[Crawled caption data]

▼▼▼

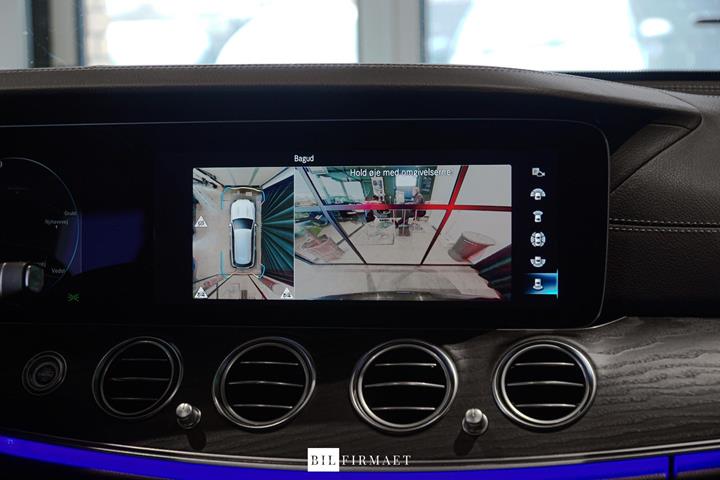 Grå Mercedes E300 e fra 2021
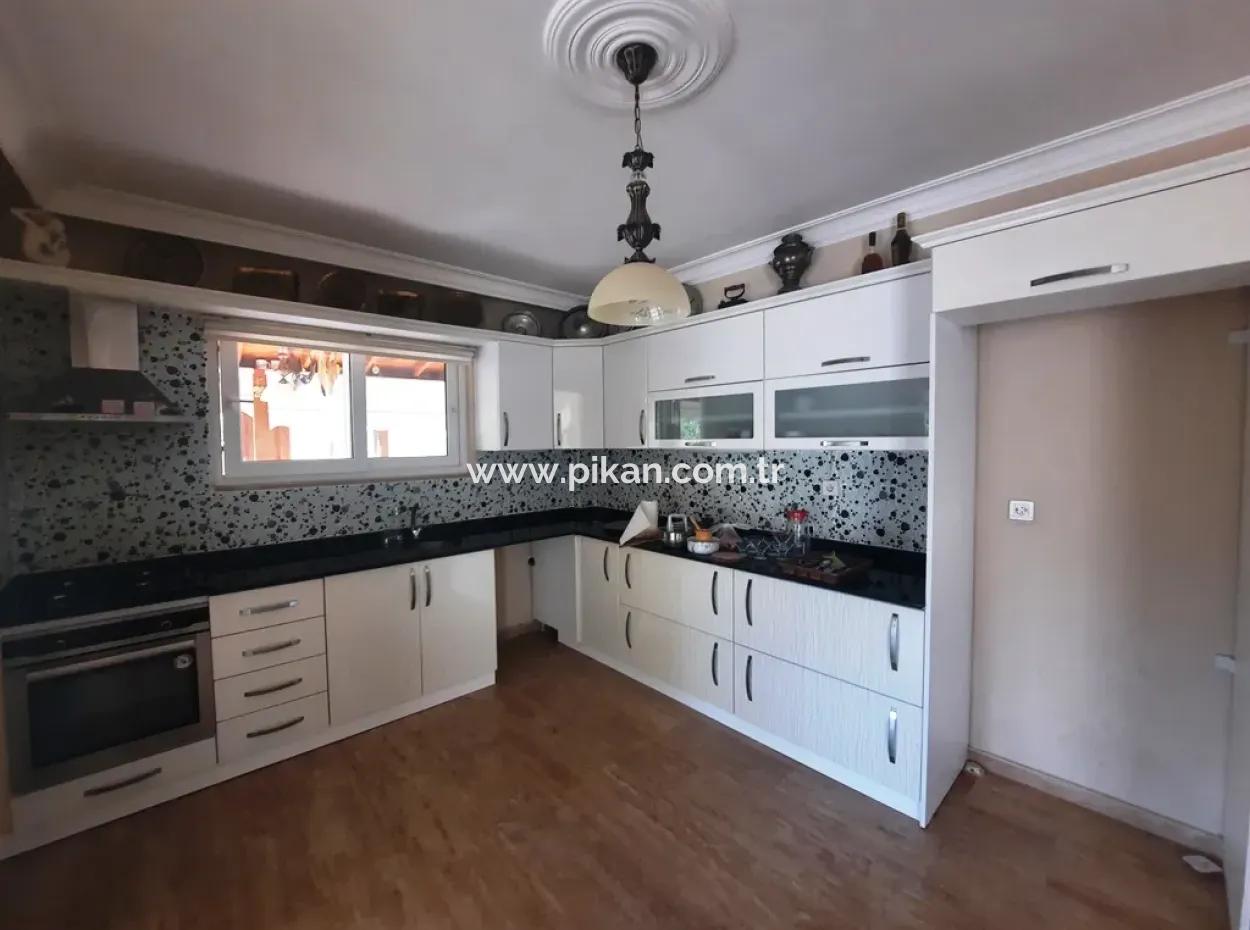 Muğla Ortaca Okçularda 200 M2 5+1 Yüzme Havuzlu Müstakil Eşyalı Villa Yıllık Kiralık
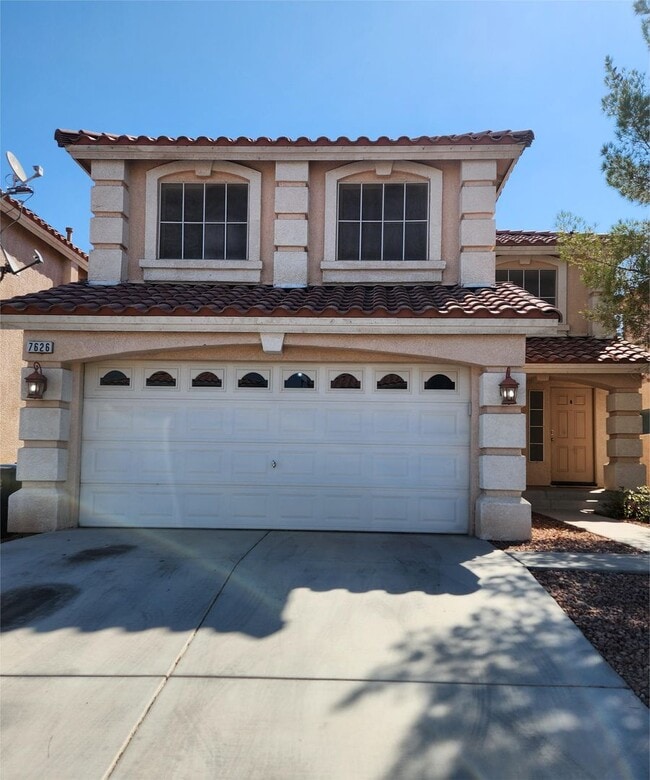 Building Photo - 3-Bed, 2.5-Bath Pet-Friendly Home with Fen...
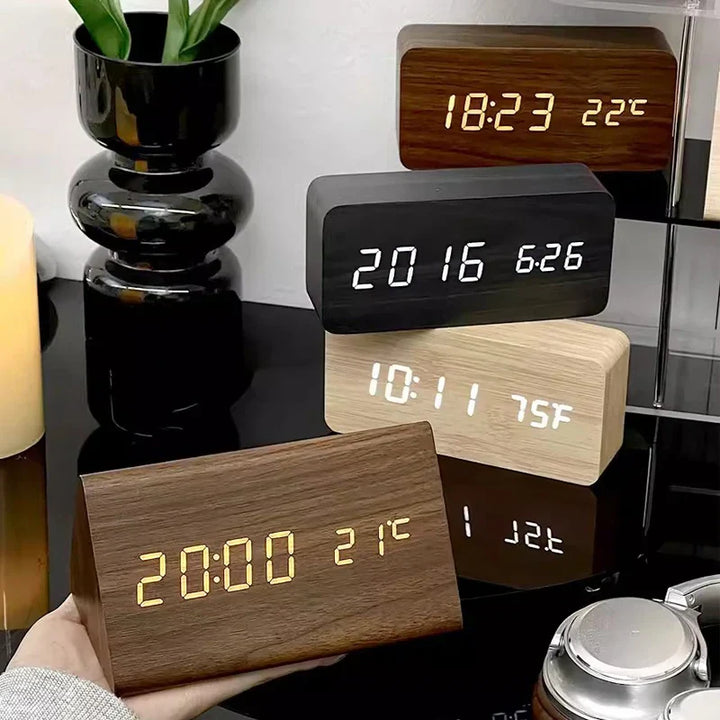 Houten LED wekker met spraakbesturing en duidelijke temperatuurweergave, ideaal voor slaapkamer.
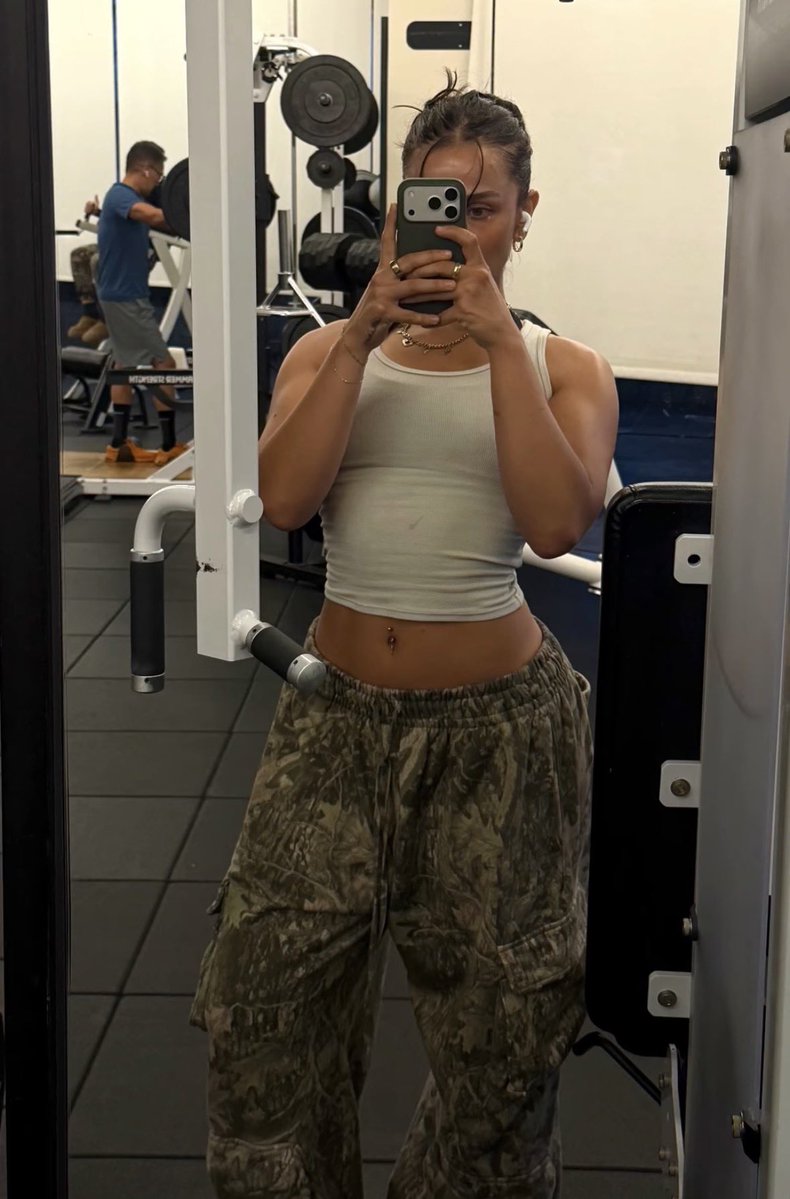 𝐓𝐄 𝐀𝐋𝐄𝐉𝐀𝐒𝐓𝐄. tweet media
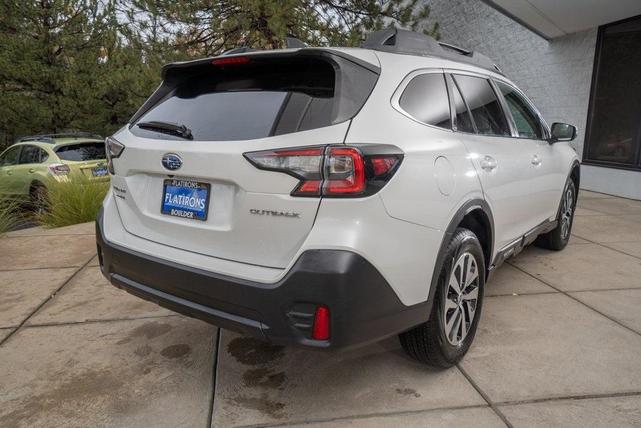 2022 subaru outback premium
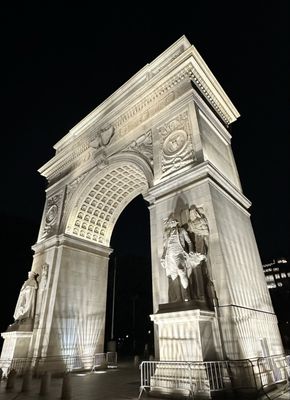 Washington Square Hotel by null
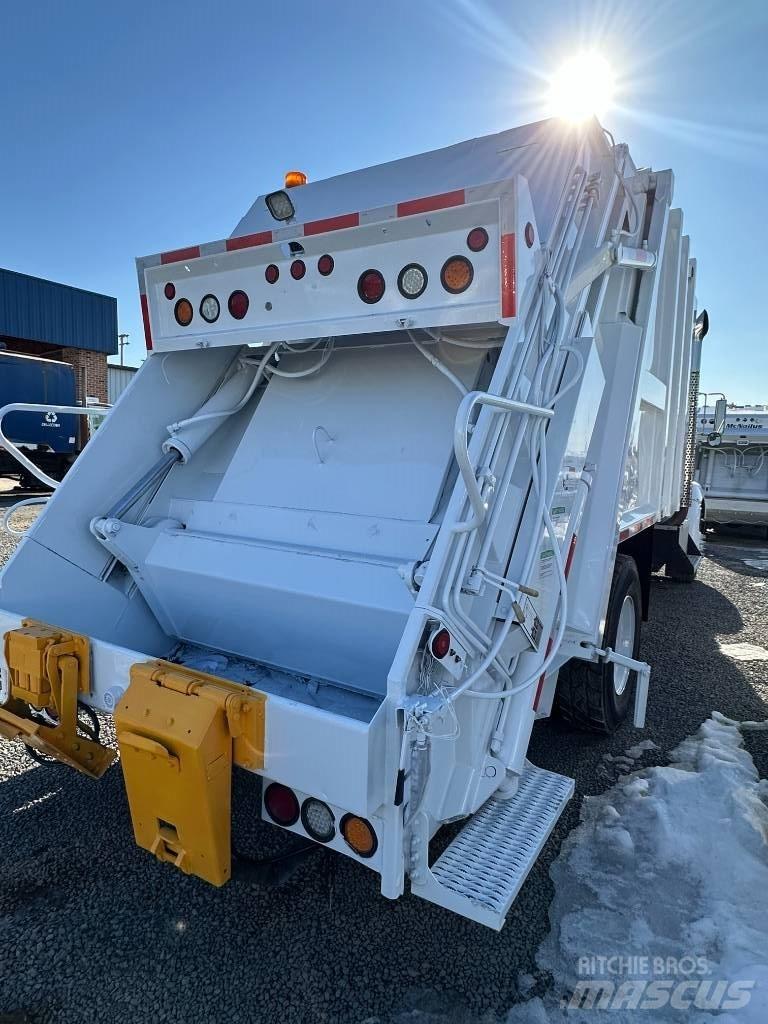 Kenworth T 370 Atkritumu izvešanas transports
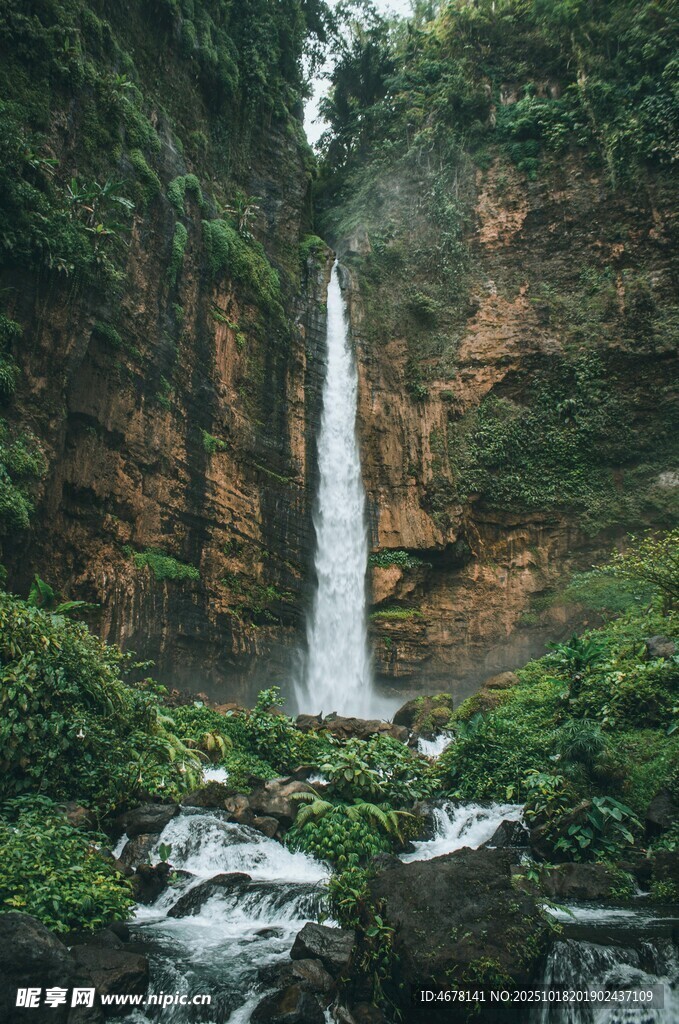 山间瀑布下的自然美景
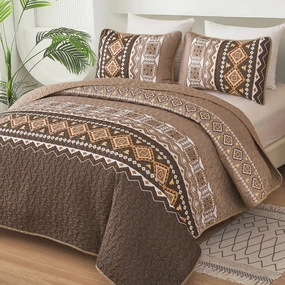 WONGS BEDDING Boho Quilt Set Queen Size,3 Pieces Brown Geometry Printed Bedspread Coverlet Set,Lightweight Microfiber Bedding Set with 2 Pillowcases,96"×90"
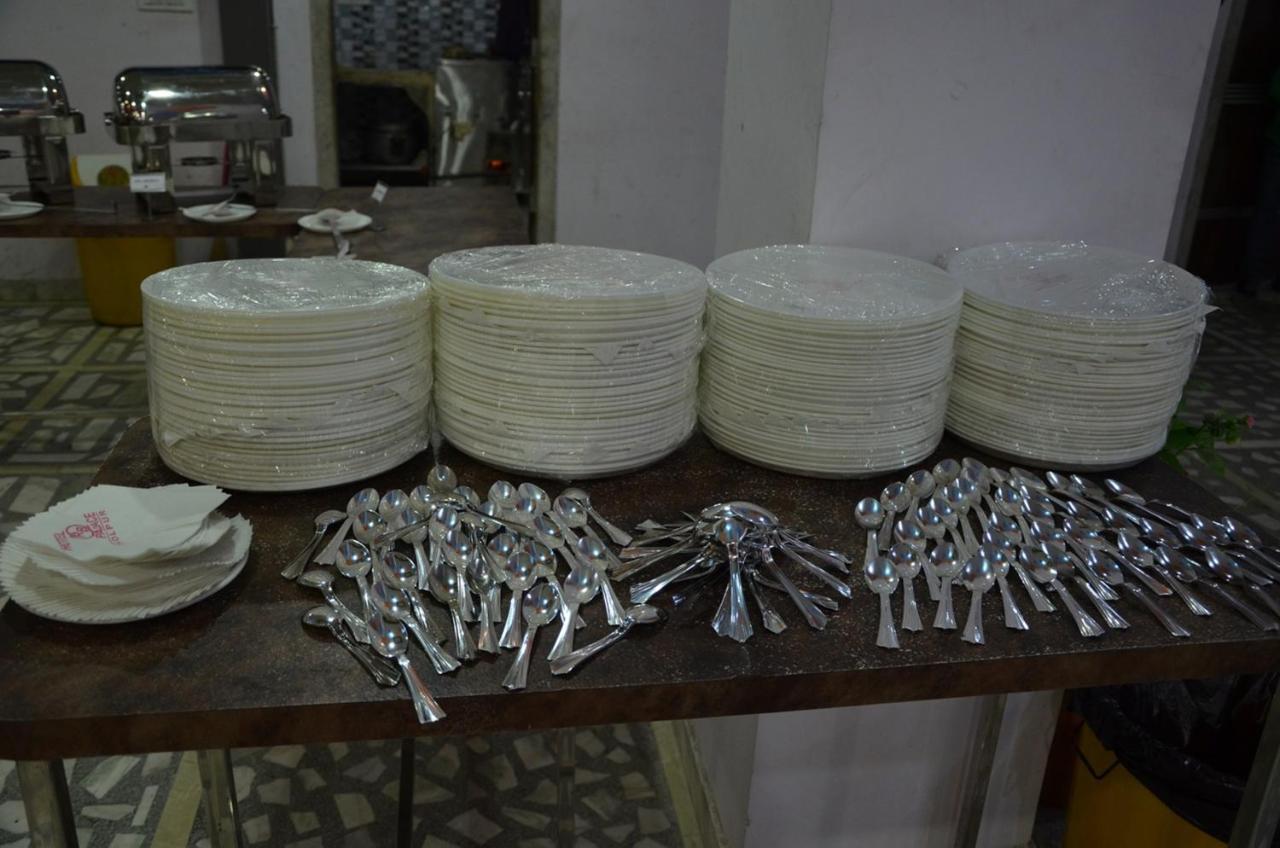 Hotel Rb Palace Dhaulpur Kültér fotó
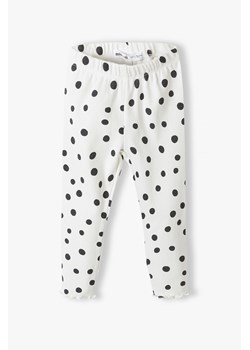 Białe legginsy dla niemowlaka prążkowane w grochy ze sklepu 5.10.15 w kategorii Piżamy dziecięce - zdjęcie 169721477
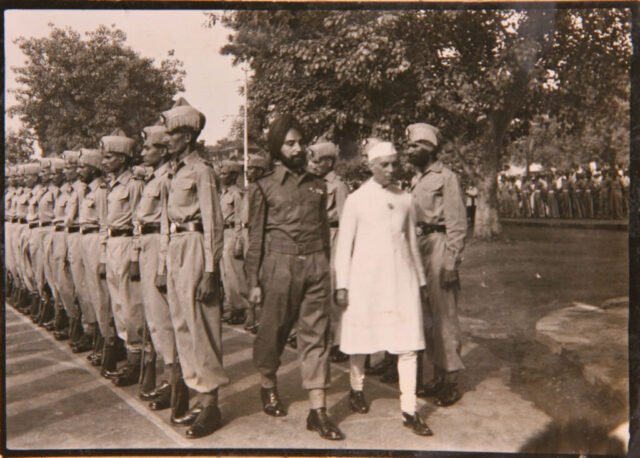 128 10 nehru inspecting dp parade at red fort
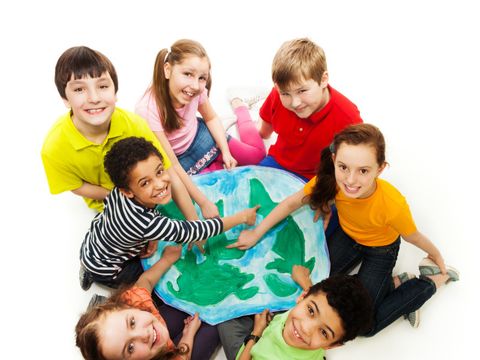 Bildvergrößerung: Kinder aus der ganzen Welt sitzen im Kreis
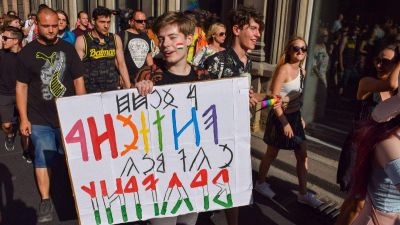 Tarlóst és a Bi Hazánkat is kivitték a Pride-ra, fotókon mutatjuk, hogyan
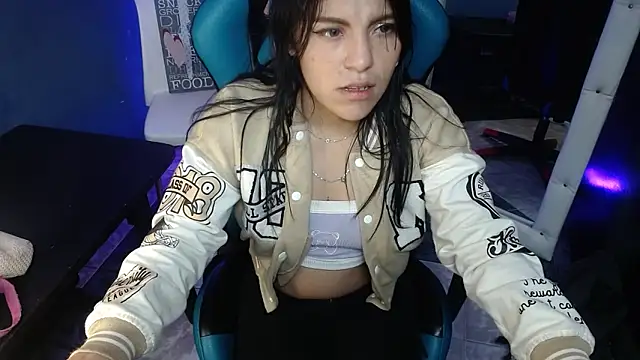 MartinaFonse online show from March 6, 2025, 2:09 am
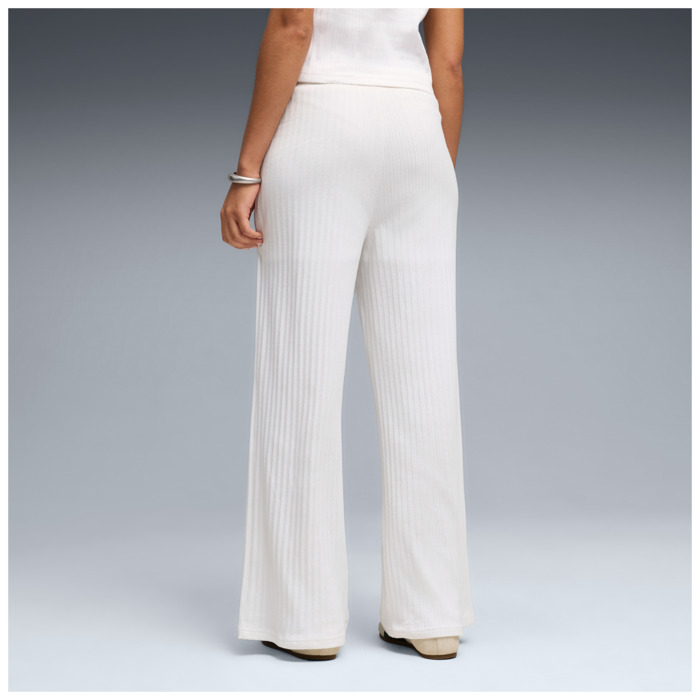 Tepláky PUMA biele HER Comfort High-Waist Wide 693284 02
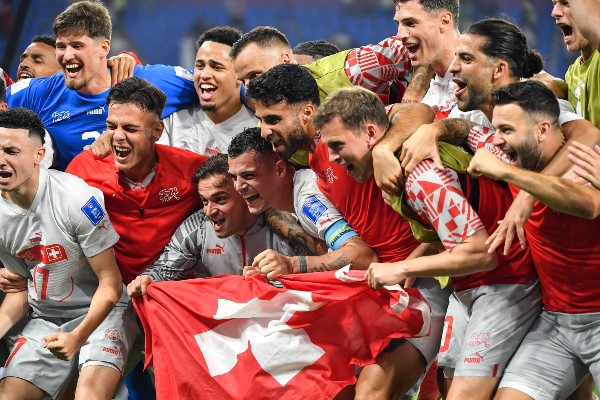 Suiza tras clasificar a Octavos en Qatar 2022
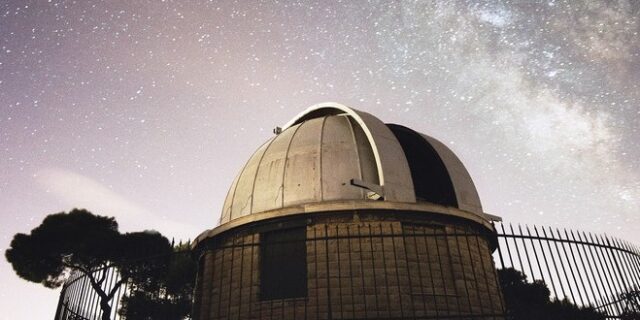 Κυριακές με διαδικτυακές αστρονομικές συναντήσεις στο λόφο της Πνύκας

▲▲▲

Your task
If a line comes after the line with "128 10 nehru", it stays out; print exactly every line from the start of the entries up to and including that line, but no pictures.

Response to this exercise
 Grå Mercedes E300 e fra 2021
 Muğla Ortaca Okçularda 200 M2 5+1 Yüzme Havuzlu Müstakil Eşyalı Villa Yıllık Kiralık
 Building Photo - 3-Bed, 2.5-Bath Pet-Friendly Home with Fen...
 Houten LED wekker met spraakbesturing en duidelijke temperatuurweergave, ideaal voor slaapkamer.
 𝐓𝐄 𝐀𝐋𝐄𝐉𝐀𝐒𝐓𝐄. tweet media
 2022 subaru outback premium
 Washington Square Hotel by null
 Kenworth T 370 Atkritumu izvešanas transports
 山间瀑布下的自然美景
 WONGS BEDDING Boho Quilt Set Queen Size,3 Pieces Brown Geometry Printed Bedspread Coverlet Set,Lightweight Microfiber Bedding Set with 2 Pillowcases,96"×90"
 Hotel Rb Palace Dhaulpur Kültér fotó
 Białe legginsy dla niemowlaka prążkowane w grochy ze sklepu 5.10.15 w kategorii Piżamy dziecięce - zdjęcie 169721477
 128 10 nehru inspecting dp parade at red fort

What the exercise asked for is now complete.